Posted on Fri 30 Nov 2018 at 14:26 by Christopher Carter
It's been amazing to see so many Sports Clubs engaging with and supporting Pride Week - yet another testament to students' commitment to the incredible #ReshapingSport campaign!
This week, I'm turning my blog over to RYAN GIRARD, who has written a guest post about playing Rugby for Warwick Women's Rugby Union as a non-binary player!
"As a non-binary person with asthma I never really believed that University Sports were for me. I was always made to believe that in order to be part of a team I’d have to be thinner, less asthmatic, more athletic and especially less queer. Because for so long people have judged me and my body, for being bigger, heavier, hairier, stronger, a.k.a. taking up space in a society in which people assume me and my body shouldn’t be. For all of those reasons I always felt as though I might never actually get to see everything that my body could do, and be.
But after hearing about and seeing all of the great work that the SU Full-Time and Part-Time Officers have put in to make sure that sports were accessible to people from all backgrounds, and hearing such good things being said about women’s rugby, I decided to join.
And what can I say, I really do feel as though playing rugby allows me to explore the part of my body I never thought I could fully see! It’s only been a month or so since I’ve started training with them and I really do feel as though being part of such an amazing team has completely changed my University experience.
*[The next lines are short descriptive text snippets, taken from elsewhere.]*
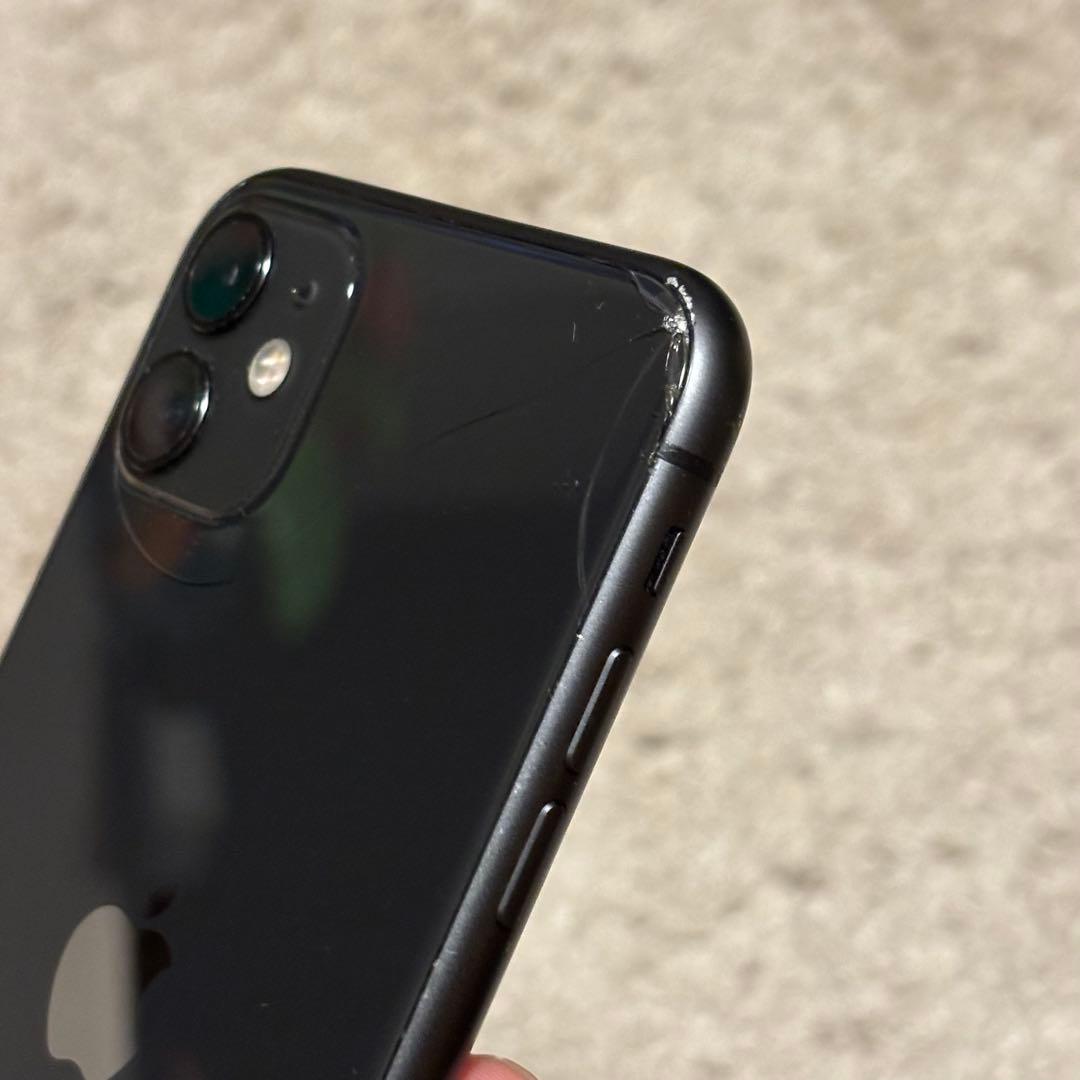 Apple iPhone 11 ブラック 本体 イヤフォン付き　256gb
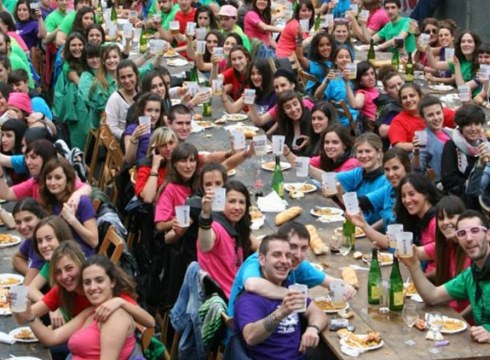 Txosnagunerako jai egitataua prest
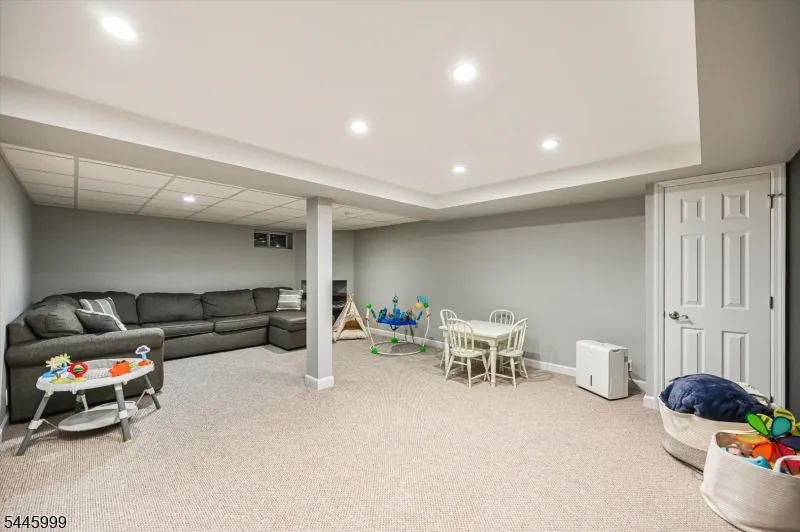 5 Harmer Ter Wayne, NJ 07470
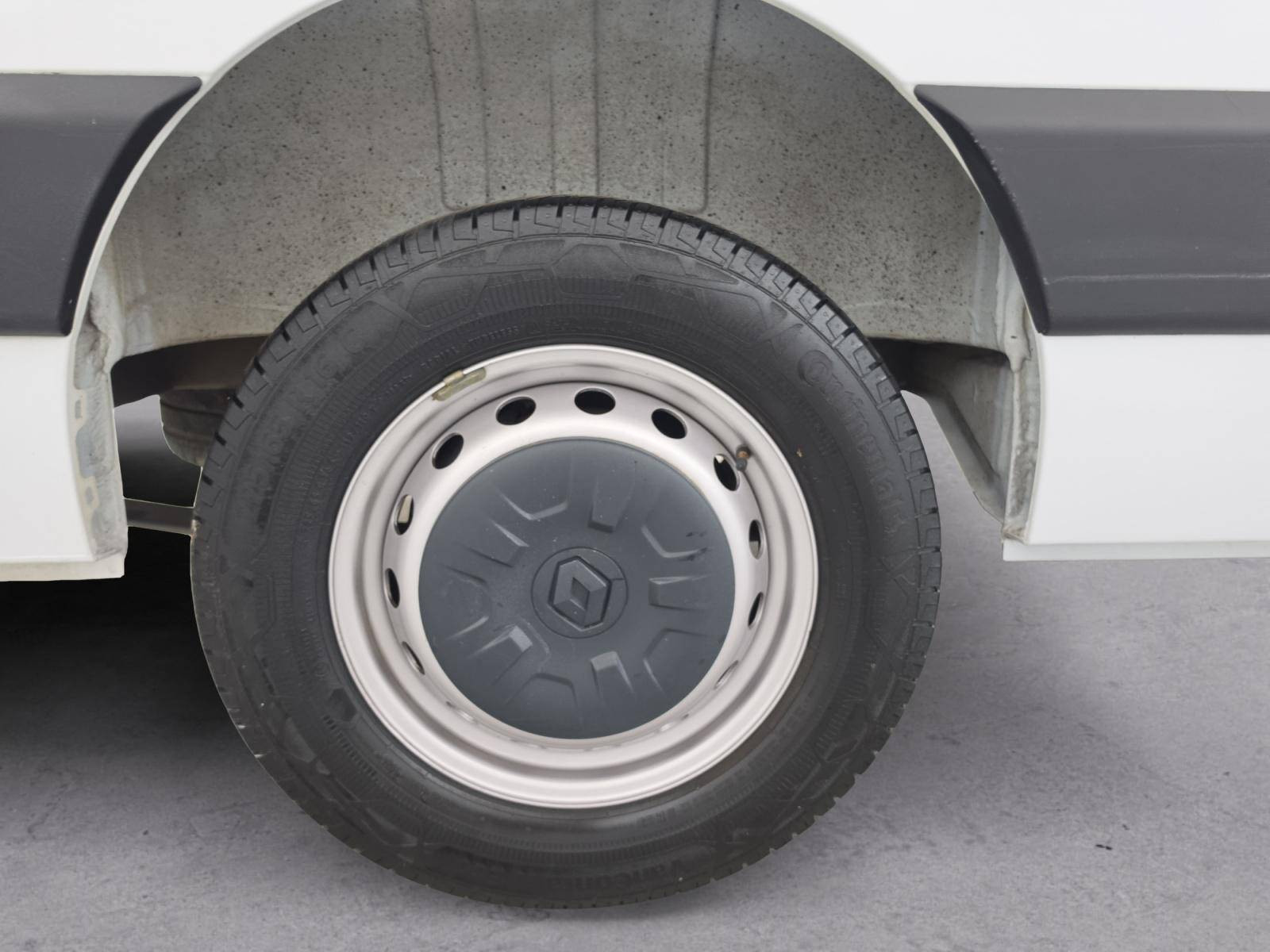 Vente en ligne Renault Master Fourgon MASTER FGN TRAC F3500 L2H2 BLUE DCI 135 au prix de 23 900 €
As someone who grew up assigned female and was socialised to not take place, to not show my strength and being rendered invisible in society for my being non-binary, being in a space where I can run, be strong and bold and be appreciated for it was really healing.
When it comes to me being non-binary, the team has really been welcoming - you can tell that it’s something some of them aren’t used to, but they’ve all been so keen to learn and just generally so nice and understanding.
I think that sports teams on this campus have come a long way - although there’s still a long way to go to kick homophobia and transphobia out of sports, I am positive that things are changing towards making sports more accessible and creating a space where everyone that is interested in sport will feel safe and confident that they will be welcome within our teams.”